WORK REQUIRED
Read the data, and whenever a line holds the word "with", report that line.

[Stored dataset items]
+++++

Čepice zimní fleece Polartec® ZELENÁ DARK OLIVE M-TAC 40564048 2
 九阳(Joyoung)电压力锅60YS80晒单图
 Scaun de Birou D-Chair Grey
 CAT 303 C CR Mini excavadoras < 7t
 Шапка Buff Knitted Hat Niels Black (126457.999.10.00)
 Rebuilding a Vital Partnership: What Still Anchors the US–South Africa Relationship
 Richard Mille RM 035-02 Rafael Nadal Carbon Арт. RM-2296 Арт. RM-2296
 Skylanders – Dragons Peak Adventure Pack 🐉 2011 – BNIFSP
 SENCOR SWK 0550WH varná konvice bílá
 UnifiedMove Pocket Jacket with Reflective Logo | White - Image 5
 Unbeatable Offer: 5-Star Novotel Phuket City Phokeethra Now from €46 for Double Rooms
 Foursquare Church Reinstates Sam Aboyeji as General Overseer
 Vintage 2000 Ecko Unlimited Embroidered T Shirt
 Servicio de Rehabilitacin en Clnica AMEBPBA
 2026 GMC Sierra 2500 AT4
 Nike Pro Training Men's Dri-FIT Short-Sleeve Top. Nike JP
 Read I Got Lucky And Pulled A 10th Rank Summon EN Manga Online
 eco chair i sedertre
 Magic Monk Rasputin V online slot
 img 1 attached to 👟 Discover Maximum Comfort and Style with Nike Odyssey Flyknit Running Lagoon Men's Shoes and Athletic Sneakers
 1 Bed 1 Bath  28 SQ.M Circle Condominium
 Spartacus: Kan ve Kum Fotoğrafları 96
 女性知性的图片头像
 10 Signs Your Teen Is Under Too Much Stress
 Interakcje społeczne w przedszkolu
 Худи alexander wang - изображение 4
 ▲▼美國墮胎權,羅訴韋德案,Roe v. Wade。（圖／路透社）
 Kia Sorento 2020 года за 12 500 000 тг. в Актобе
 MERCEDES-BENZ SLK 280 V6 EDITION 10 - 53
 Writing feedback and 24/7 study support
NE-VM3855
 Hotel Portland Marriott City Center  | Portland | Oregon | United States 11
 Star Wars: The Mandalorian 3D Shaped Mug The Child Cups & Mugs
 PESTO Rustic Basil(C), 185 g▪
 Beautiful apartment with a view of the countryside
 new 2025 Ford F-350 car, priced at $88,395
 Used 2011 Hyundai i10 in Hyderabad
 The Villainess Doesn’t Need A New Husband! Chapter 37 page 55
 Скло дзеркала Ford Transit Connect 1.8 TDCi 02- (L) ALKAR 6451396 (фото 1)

+++++

ANSWER TO THE PROBLEM
 UnifiedMove Pocket Jacket with Reflective Logo | White - Image 5
 img 1 attached to 👟 Discover Maximum Comfort and Style with Nike Odyssey Flyknit Running Lagoon Men's Shoes and Athletic Sneakers
 Beautiful apartment with a view of the countryside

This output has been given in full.